Bano can’t recall a particularly difficult day; “Every day, night and every moment were difficult for us,” Bano said.
Financially weak condition of Bano’s parents left her out of options. The Auqaf committee of the village filled in for Bano to help her meet basic necessities. They would collect the money and it would run her family.
“If my husband would have been here, I would have spent as much as I wanted, but I had to take care of everything.”
With each passing day, the three- roomed house that the couple had constructed themselves brick by brick, grew quieter.
Simultaneously, she had to keep in mind that Bhat’s absence won’t impact the children’s upbringing. But every night was a nightmare, Bano said.
What if she won’t be able to feed her children … continuously haunted her.
“I cried silently on sleepless nights,” she recalled. “The night would bring back terrible memories.” When her son asked for a toy that his friend had, Bano couldn’t help but break down. “I promised that I’ll get it for him,” she said, “but he never asked again.”
On hard days, she struggles with the constant queries of children about their father’s return — if ever. “He [Bano’s son] would ask me to take him to his father or leave his father’s house.”
But, Bano said, it has to be her fate. “At times it was so unbearable that I would think of drinking poison, but then I would look at my children.”

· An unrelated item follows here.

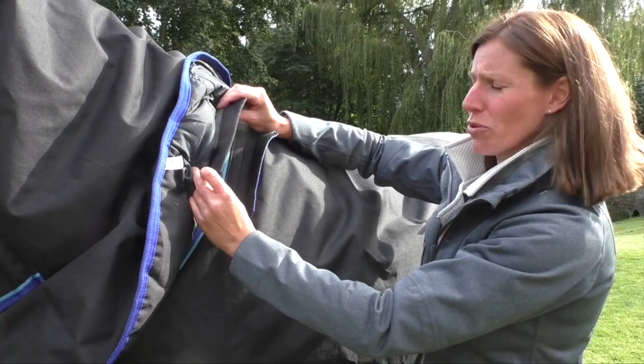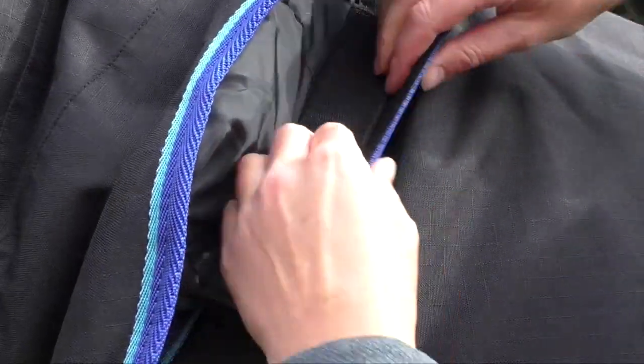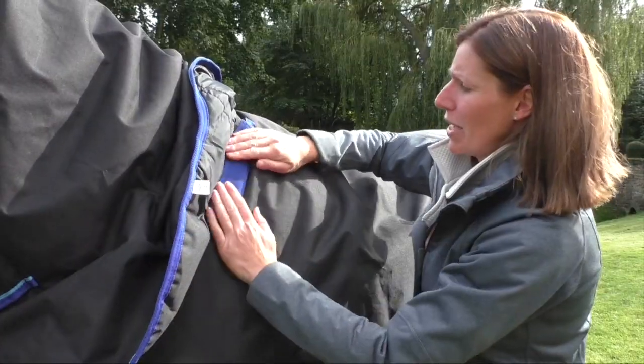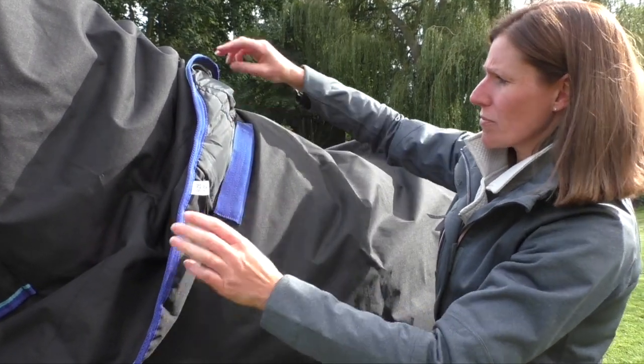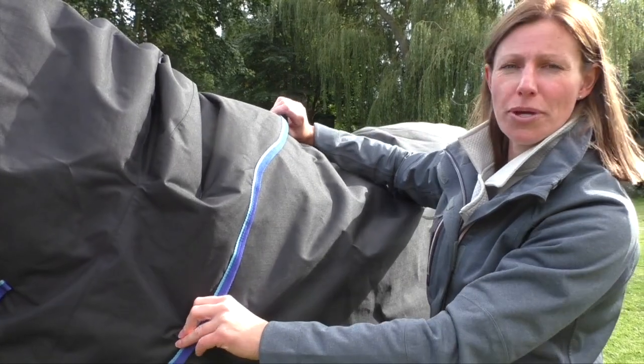The Avanti Combo has a removable neck simply secured with this large long piece of velcro that covers up neatly to prevent any dirt from getting into the velcro, and the neck cover has an ergonomic shape which prevents it from blowing up in the wind.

The court had quashed his PSA order on 18 May 2021. He spent nineteen more days in Pulwama Police station before he was released on 8 June 2021.
It was a surreal moment for the Bhat family. Sitting in a corner of the room, clad in brown kurta pyjamas, Bhat was listening patiently to his wife and her struggle. He couldn’t hold back his tears.
Upon returning, Bhat, for once, couldn’t recognise his locality … his home. “It felt like everything had changed. I couldn’t recognise my village,” he recalled. “It was an emotional feeling.”
Back at the jail, Bhat, a Pashmina weaver, his schedule changed completely as he sat idle for hours.
An introvert and a shy person, Bhat didn’t get along with inmates either. Inside the jail premises, the inmates would play some sports, but he wouldn’t go out. He said he kept waiting for the day when he could see his children and wife.
On seeing her father, Bano said their daughter couldn’t recognise him. He had put on some weight. But later, she was so elated that she couldn’t figure out if she should cry or laugh. “I couldn’t believe my eyes that my husband finally came back home.”
The couple, however, is yet to talk about the time they spent apart. “Neither he asked me about how difficult it was to run the house nor I asked him about the jail,” Bano said.
In jail, Bhat woke up every morning and he said he could feel his cell burning. And to Bano, she said her house was already burnt and there was nothing left but her wails in vain. The trauma lingers on; and for what, the family wonders.